Work item:
The material below holds pictures; leave them out, and copy exactly, and only, the lines from the one with "прямой и окружности." through the last.
Segment Start: Data for review
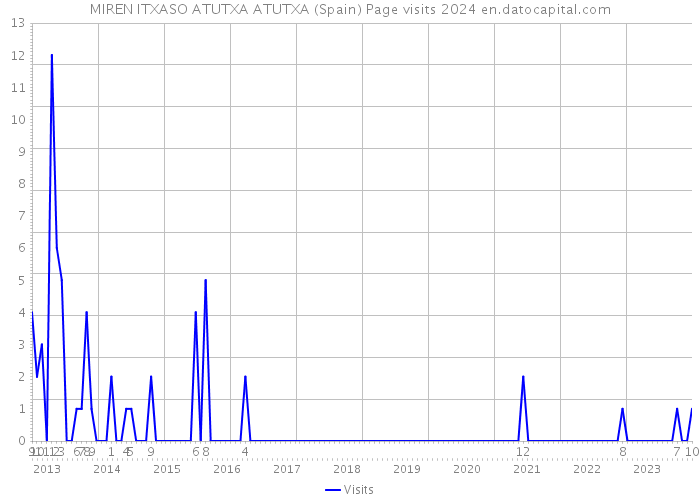 MIREN ITXASO ATUTXA ATUTXA (Spain) Page visits 2024 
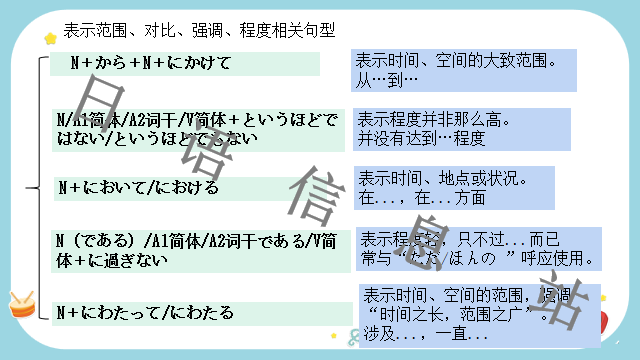 高考日语:日语句型思维导图 课件 第29张 高考日语:日语句型思维导图 课件 第29张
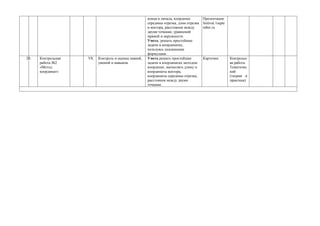 конца и начала, координат        Презентация:
                                                     середины отрезка, длин отрезка   festival.1septe
                                                     и вектора, расстояния между      mber.ru
                                                     двумя точками, уравнений
                                                     прямой и окружности.
                                                     Уметь: решать простейшие
                                                     задачи в координатах,
                                                     пользуясь указанными
                                                     формулами.
20.   Контрольная   УК   Контроль и оценка знаний,   Уметь решать простейшие          Карточки          Контрольн
      работа №2          умений и навыков.           задачи в координатах методом                       ая работа.
      «Метод                                         координат, вычислять длину и                       Тематичес
      координат»                                     координаты вектора,                                кий
                                                     координаты середины отрезка,                       (теория и
                                                     расстояния между двумя                             практика)
                                                     точками.
 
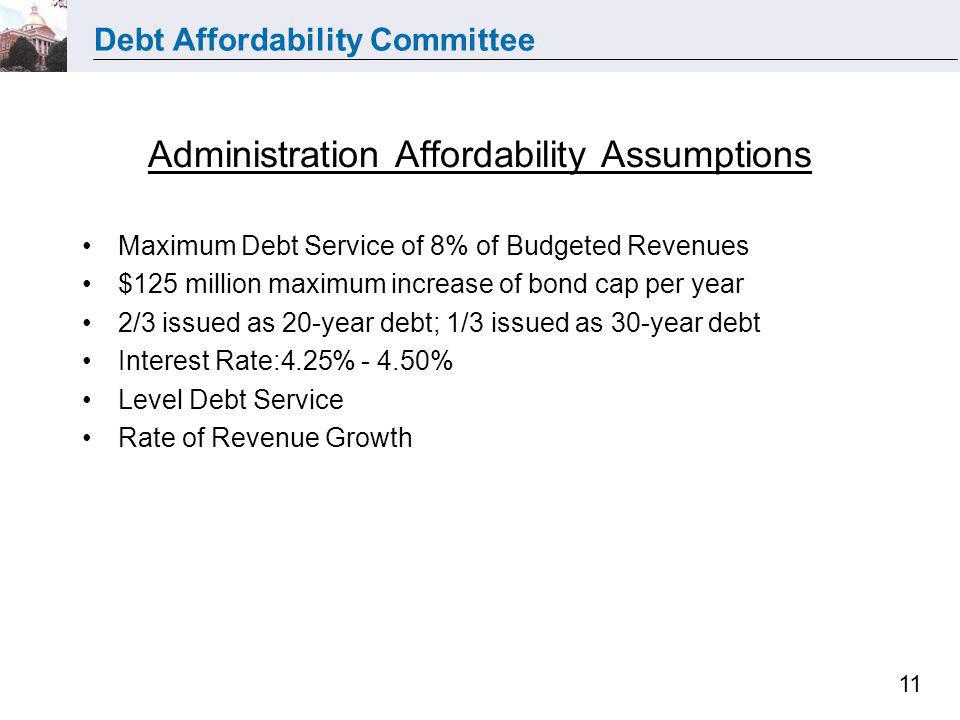 Debt Affordability Committee 11 Administration Affordability Assumptions Maximum Debt Service of 8% of Budgeted Revenues $125 million maximum increase of bond cap per year 2/3 issued as 20-year debt; 1/3 issued as 30-year debt Interest Rate:4.25% % Level Debt Service Rate of Revenue Growth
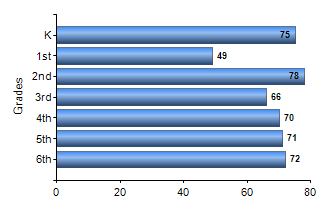 Chart1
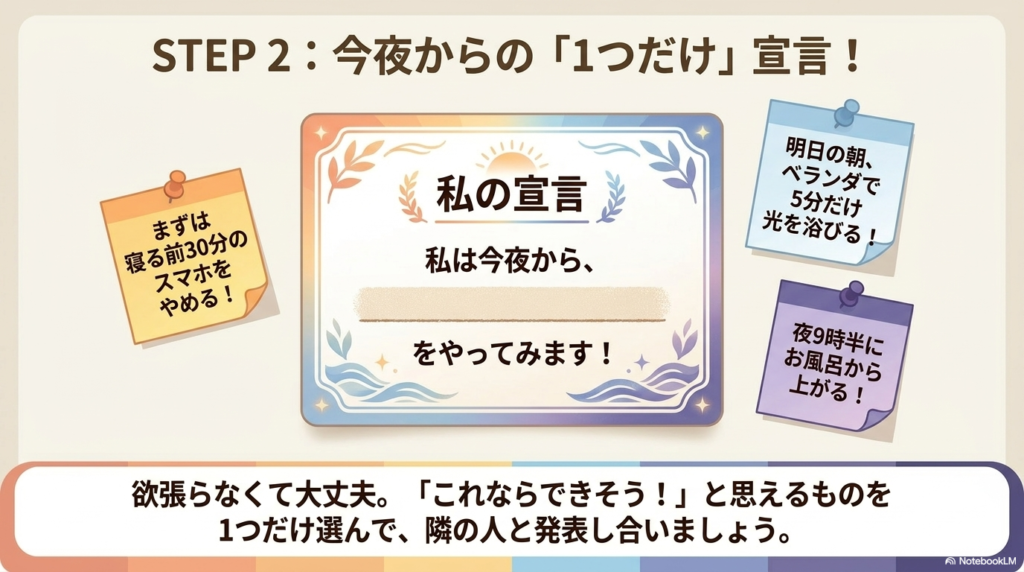 スライド資料12枚目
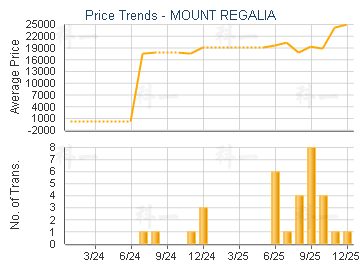 MOUNT REGALIA                            - Price Trends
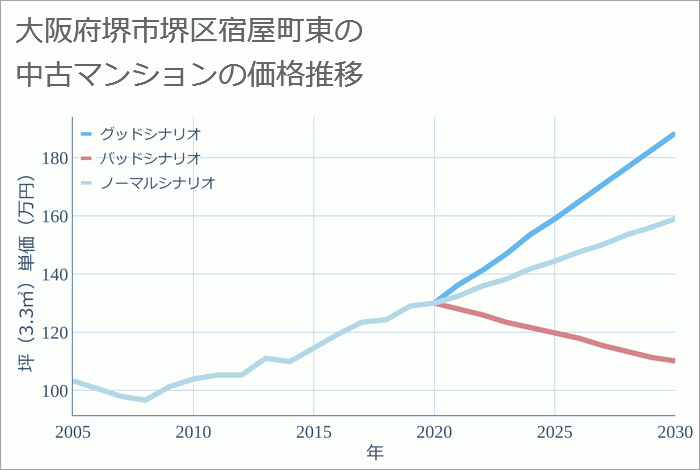 大阪府堺市堺区宿屋町東の中古マンション価格推移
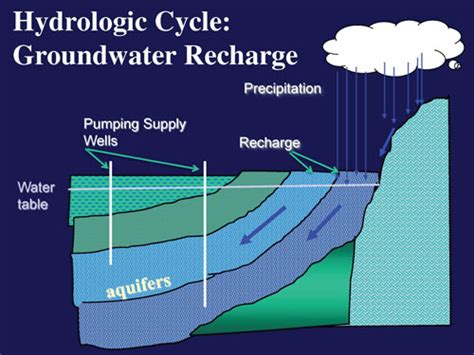 Cuyama Valley Study Overview | USGS California Water Science Center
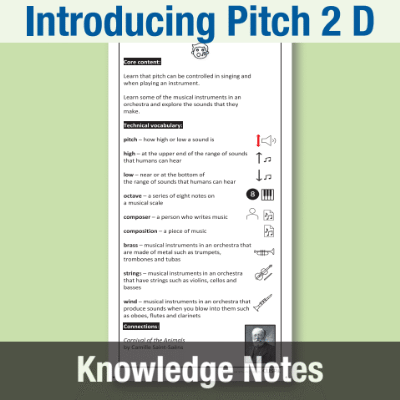 Y2 Music D (Introducing Pitch 2) Knowledge Notes KN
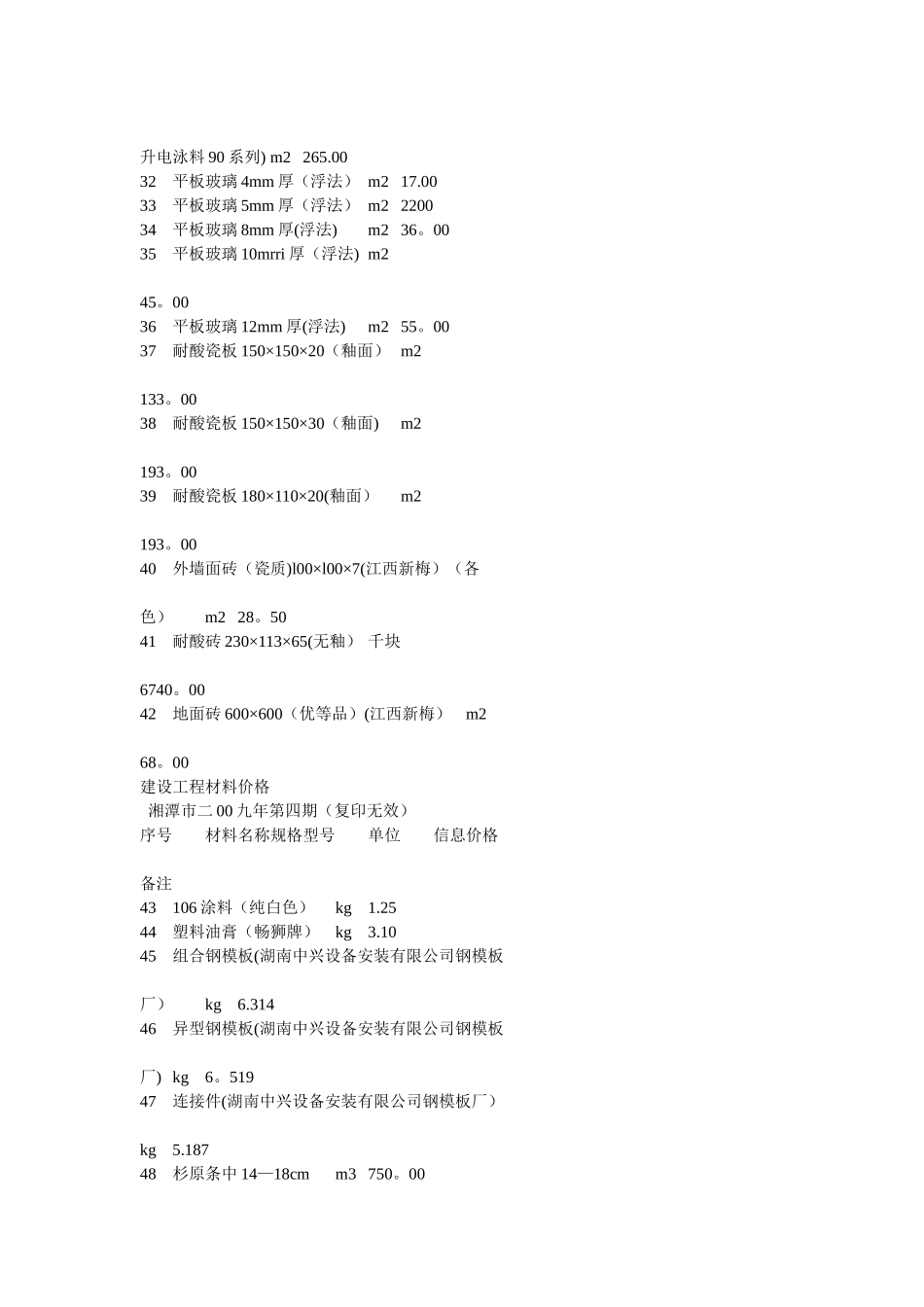 建设工程材料价格_第2页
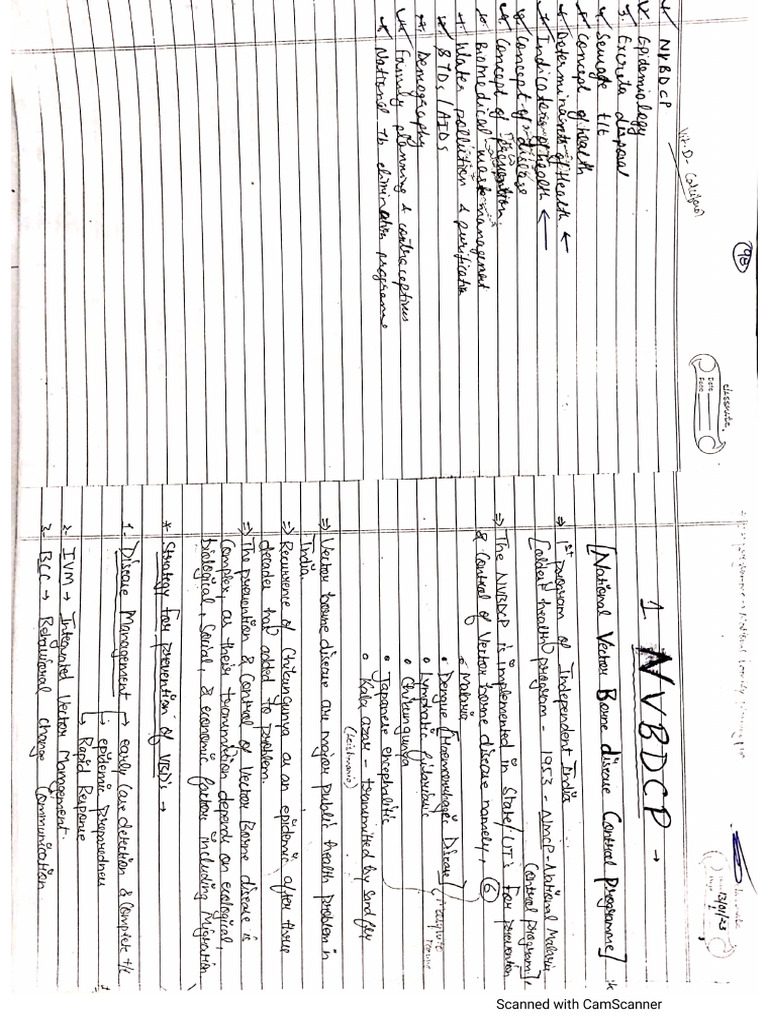 Cm Notes Raghav Boss | PDF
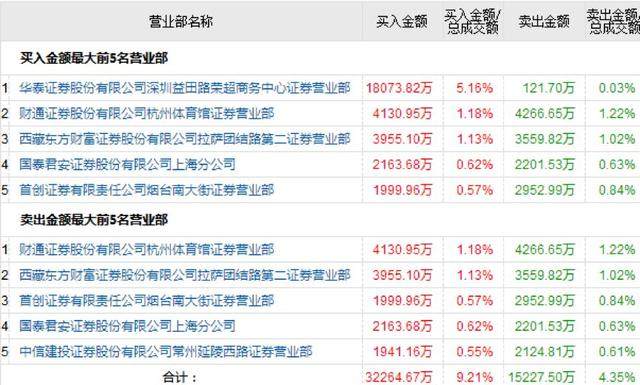 科创板1-9号影子股现身!章建平赵老哥龙头战法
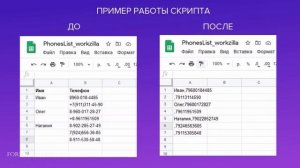 Макрос (скрипт) для Гугл таблицы, который форматирует данные: пример, заказать под ваши задачи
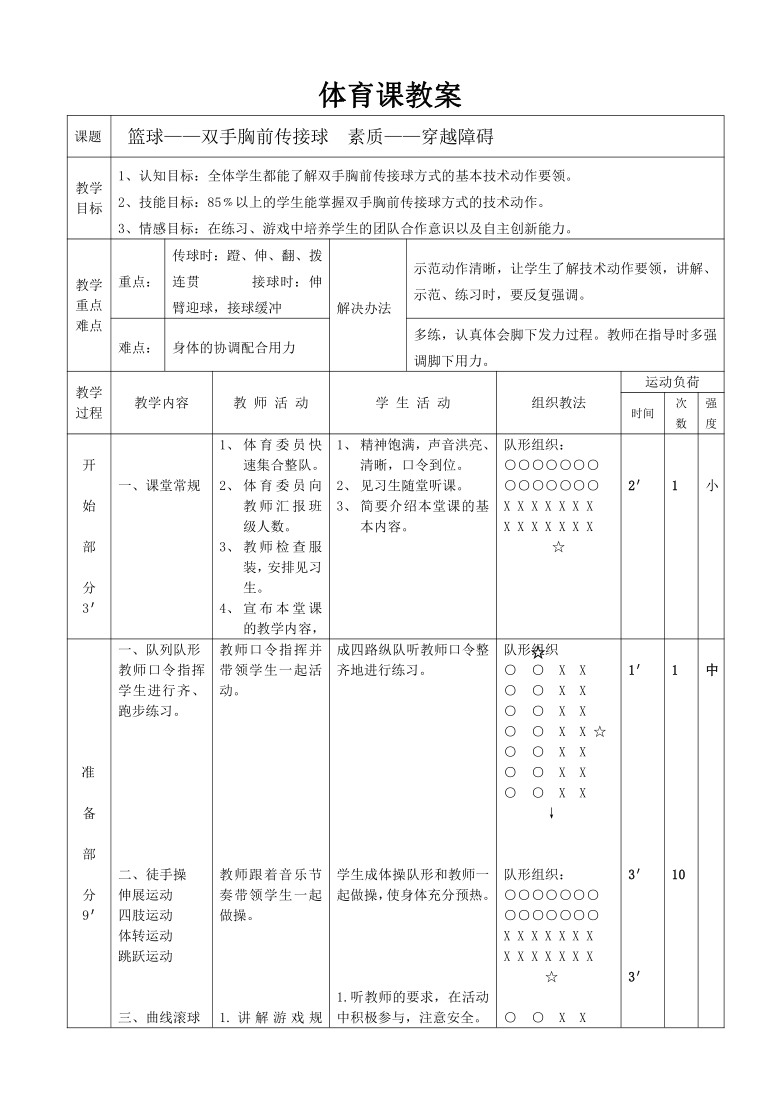 课件预览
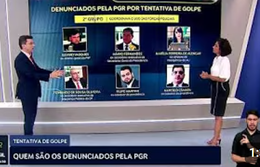 Tentativa de golpe: saiba quem são os denunciados pela PGR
Segment End: Data for review
Exercise response:
                                                     прямой и окружности.
                                                     Уметь: решать простейшие
                                                     задачи в координатах,
                                                     пользуясь указанными
                                                     формулами.
20.   Контрольная   УК   Контроль и оценка знаний,   Уметь решать простейшие          Карточки          Контрольн
      работа №2          умений и навыков.           задачи в координатах методом                       ая работа.
      «Метод                                         координат, вычислять длину и                       Тематичес
      координат»                                     координаты вектора,                                кий
                                                     координаты середины отрезка,                       (теория и
                                                     расстояния между двумя                             практика)
                                                     точками.
 
 Debt Affordability Committee 11 Administration Affordability Assumptions Maximum Debt Service of 8% of Budgeted Revenues $125 million maximum increase of bond cap per year 2/3 issued as 20-year debt; 1/3 issued as 30-year debt Interest Rate:4.25% % Level Debt Service Rate of Revenue Growth
 Chart1
 スライド資料12枚目
 MOUNT REGALIA                            - Price Trends
 大阪府堺市堺区宿屋町東の中古マンション価格推移
 Cuyama Valley Study Overview | USGS California Water Science Center
 Y2 Music D (Introducing Pitch 2) Knowledge Notes KN
 建设工程材料价格_第2页
 Cm Notes Raghav Boss | PDF
 科创板1-9号影子股现身!章建平赵老哥龙头战法
 Макрос (скрипт) для Гугл таблицы, который форматирует данные: пример, заказать под ваши задачи
 课件预览
 Tentativa de golpe: saiba quem são os denunciados pela PGR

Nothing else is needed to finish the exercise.